:: What to work on ::
Everything in the data should be repeated exactly, save for the images.

:: Data shown ::
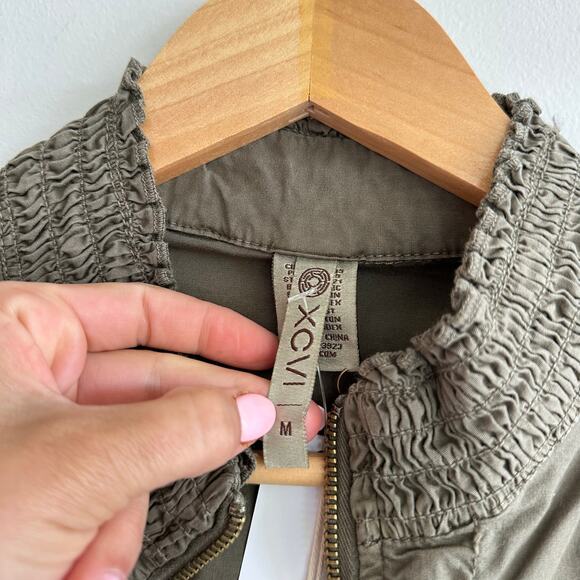 XCVI Smocked Waist Long Sleeve Full Zip Dress Olive Green M NWT - Picture 5 of 11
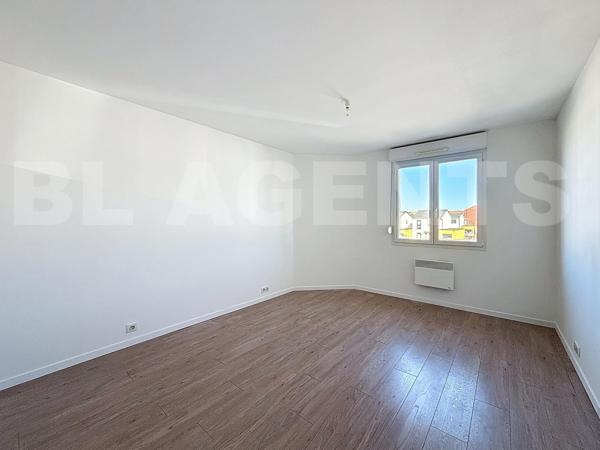 Maison 4 chambres avec jardin et garage 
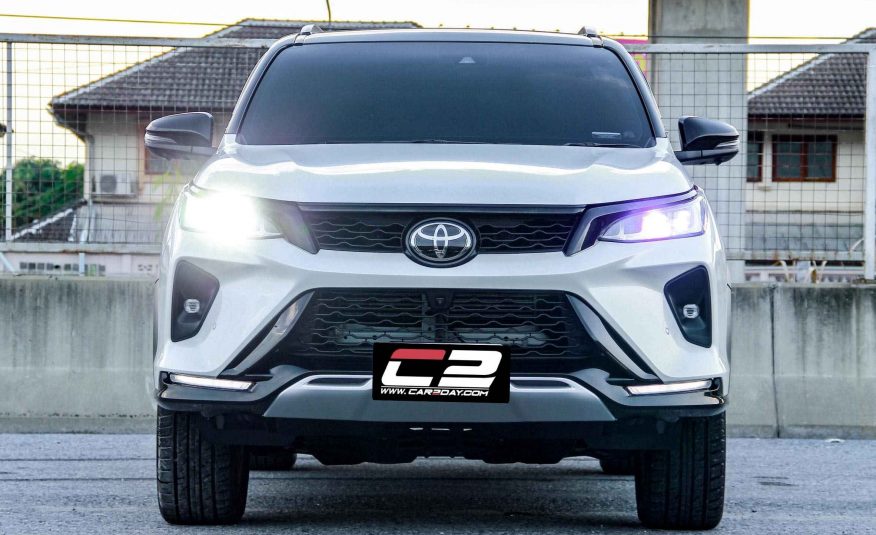 2022 TOYOTA FORTUNER 2.8 LEGENDER BLACK TOP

:: Output below ::
 XCVI Smocked Waist Long Sleeve Full Zip Dress Olive Green M NWT - Picture 5 of 11
 Maison 4 chambres avec jardin et garage 
 2022 TOYOTA FORTUNER 2.8 LEGENDER BLACK TOP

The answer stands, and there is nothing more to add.